FIG. 3 provides a laterally driven container protector 122 of one embodiment of the present disclosure, including a device in an open state in (a) and a device in a retracted state in (b). As shown in FIG. 3, the container protector 122 may be installed on the inner side of the structural beam 121. In one implementation mode, the drive member 123 comprises a first cylinder arranged laterally, which is arranged on the inner side of the structural beam 121 and is hinged to the protection member 124. The first cylinder drives the protection member 124 to rise and lower by a lateral driving force.

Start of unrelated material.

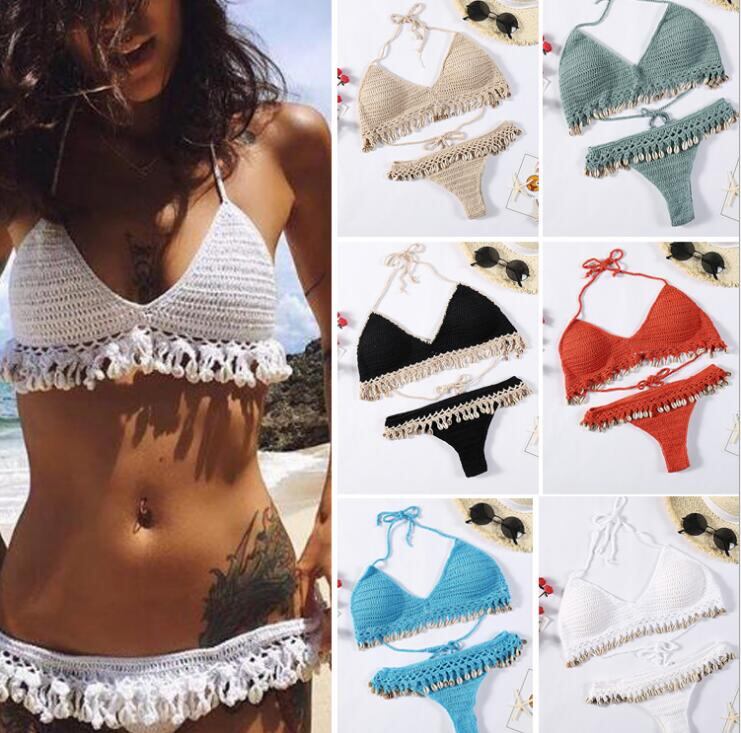 2点セットニットビキニ パッド有り ウエスト伸縮性有り ニット水着 三角水着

The drive member 123 is rotatably connected to the structural beam 121, for example, rotatable about a connecting shaft 140 fixed to the structural beam 121. In addition, one rotary shaft 125 can also be provided on the inner side of the structural beam 121, the protection member 124 can rotate around the rotary shaft 125, and the protection member 124 can also be provided on the inner side of the structural beam 121 via one rotary shaft; in this case, a first side (as shown on the left side of the protection member 124 in FIG. 3) of the protection member 124 is the structural beam 121, a second side (as shown on the right side of the protection member 124 in FIG. 3) can be connected to one push rod 160, and the push rod 160 is connected to the drive member 123, so that the drive member 123 pushes the push rod 160 and the protection member 124 can be caused to rotate around the rotary shaft 125 to achieve the lifting and lowering of the protection member 124.

In addition, the upper surface of the structural beam 121 is provided with a through slot 126, and the radian of the through slot 126 matches the lifting trajectory of the protection member 124. That is, the protection member 124 rises or lowers by the lateral driving force of the first cylinder, and the radian of the motion trail of the protection member 124 on the upper surface of the structural beam 121 just matches the through slot 126. Of course, the container protector 122 may also be installed on the outer side of the structural beam 121 as long as the installation position can lock the container. The structural beam 121 in the example of FIG. 3 has an internal cavity in which the drive member 123 is installed. Of course, the structural beam 121 may be a flat plate structure straight up and down, in which case the container protector 122 may be installed directly on the outer surface of the structural beam 121.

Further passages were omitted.